“İslam’ın Devlet Talebi ve Hedefi Yoktur!” İddiaları,
İFTİRADIR VE DİN TAHRİBATIDIR
İslam’ı; kapitalist ve sosyalist rejimlerin veya diktatörlüklerin aksesuarı olarak kullanmak isteyen şeytani kesimler: “Hz. Peygamberin bir devlet kurmak için görevli kılınmadığını ve İslam’ı yaşamak için bir devlete ihtiyaç duyulmadığını” ortaya atmışlardır. Bu iddialar, Kur’an’ın hikmetine ve Resulûllah’ın hedeflerine tamamen aykırı saptırmalar ve safsatalardır. Son zamanlarda Mustafa İslamoğlu gibi bazı bilgiçlik budalalarının; “Yürek Devleti”, “Kalpleri fethetme ve güzel ahlakı yerleştirme seferberliği” gibi cafcaflı laflar arkasında, İslam’ın Kâmil Sistem, Adil Düzen, Fadıl Devlet ve Hükümet kavramlarını ve kurumlarını laçkalaştırma ve gereksiz sayma çabaları yoğunlaşmıştır. Bütün bunlar, aslında bir zamanlar Fetullah Gülen’e yaptırılmaya çalışılan ve yine bu maksatla AKP’yi Milli Görüş’ten koparıp iktidara taşıyan, malum ve mel’un odakların dayattığı “Ilımlı İslam” sapkınlığının farklı yansımalarıdır. Bu adamlara sormak lazımdı: Kur’an’ın, “Sizin için kısasta (haksız yere öldürdüğü kişiye karşı katilin idam olunması hükmünün uygulanmasında) hayat vardır” gibi emirlerini, eğer Adil bir Devlet yoksa kim uygulayacaktır? Bu iş; mahalle meclislerine, cami cemaatine veya kabile reislerine mi bırakılacaktır. Hak ve adaleti esas alan bir devletin olmadığı yerde, fertler ve aşiretler mi bu hükümleri tatbikata koyacaktır?

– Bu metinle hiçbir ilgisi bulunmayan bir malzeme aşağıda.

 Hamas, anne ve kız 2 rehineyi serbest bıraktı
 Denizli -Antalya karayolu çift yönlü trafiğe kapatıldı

“Allah, içinizden iman edenlere ve salih ameller işleyenlere (şunları) va’ad etmiştir: Hiç şüphesiz onlardan öncekileri nasıl ‘güç ve iktidar sahibi’ kıldıysa, onları da yeryüzünde ‘güç ve iktidar sahibi’ kılacak, kendileri için seçip beğendiği dinlerini kendilerine yerleşik kılıp sağlamlaştıracak ve onları korkularından sonra güvenliğe çevirip (huzura ulaştıracaktır. Çünkü) Onlar, yalnızca Bana ibadet yaparlar (her hususta Kur’ani kuralları esas alırlar) ve Bana hiçbir şeyi ortak koşmazlar. Kim bundan sonra inkâr ederse, işte onlar fasıkların ta kendileridir.” (Nur: 55) ayeti, Müslümanların etkili, yetkili, otoriteli ve organizeli bir devlet düzeni kurmaları gereğine işaret buyurmakta, bu yöndeki çabaları başarıya ulaştırmanın İlahi bir vaat olduğu hatırlatılmakta ve devletsiz hâkimiyet ve hürriyetin mümkün olmayacağı vurgulanmaktadır.
“(Ey Resulûm) Sana indirilen (Kur’an’a) ve Senden önce gönderilen (Kitaplara), sözde inandıklarını öne süren (sahtekâr münafıkları) görmez misin? Ki bunlar, (hak ve adalet ölçüleriyle değil) tağutun önünde (zalim ve bâtıl düzenlerin kurum ve kurallarıyla) muhakeme olunmak (şeytan fikirli Yahudi ve Hristiyanların hükmü altında yaşamak) istemektedirler?! Oysa (mü’min ve Müslüman sayılmak için) onu (tağutu ve süper güç putunu) red ve inkâr etmekle emrolunmuşlardır. Şeytan onları derin ve dönüşü olmayan bir sapıklığa sürüklemek istemektedir.” (Nisa: 60) ayetinde, “Tağut”ların, yani İslam dışı ve Kur’an’a aykırı devlet nizamlarının hükmüne ve himayesine razı olmanın, Adil bir Düzeni kurma amacı taşımamanın, açıkça münafıklık ve sapkınlık olduğu beyan buyrulmaktadır.
“(Ey Resulûm) Biz Sana Kitabı (Kur’an’ı) Hakk olarak indirdik ki, insanlar arasında Allah’ın Sana gösterdiği şekilde adaletle hüküm veresin (İslami ve insani hukuk kurallarına göre hükümet edesin). Sakın (İslâm’a ve insanlığa aykırı sistemleri beğenen ve sözde Müslüman geçinen) hainlerin tarafını çekmeyesin!” (diye Hz. Peygamber Efendimizin şahsında bütün mü’minler uyarılmıştır).” (Nisa: 105) ayetinin emri istikametinde, Hz. Peygamber Efendimiz meşhur Medine Sözleşmesi’ni hazırlamış ve İslam Devletinin temellerini atmıştır.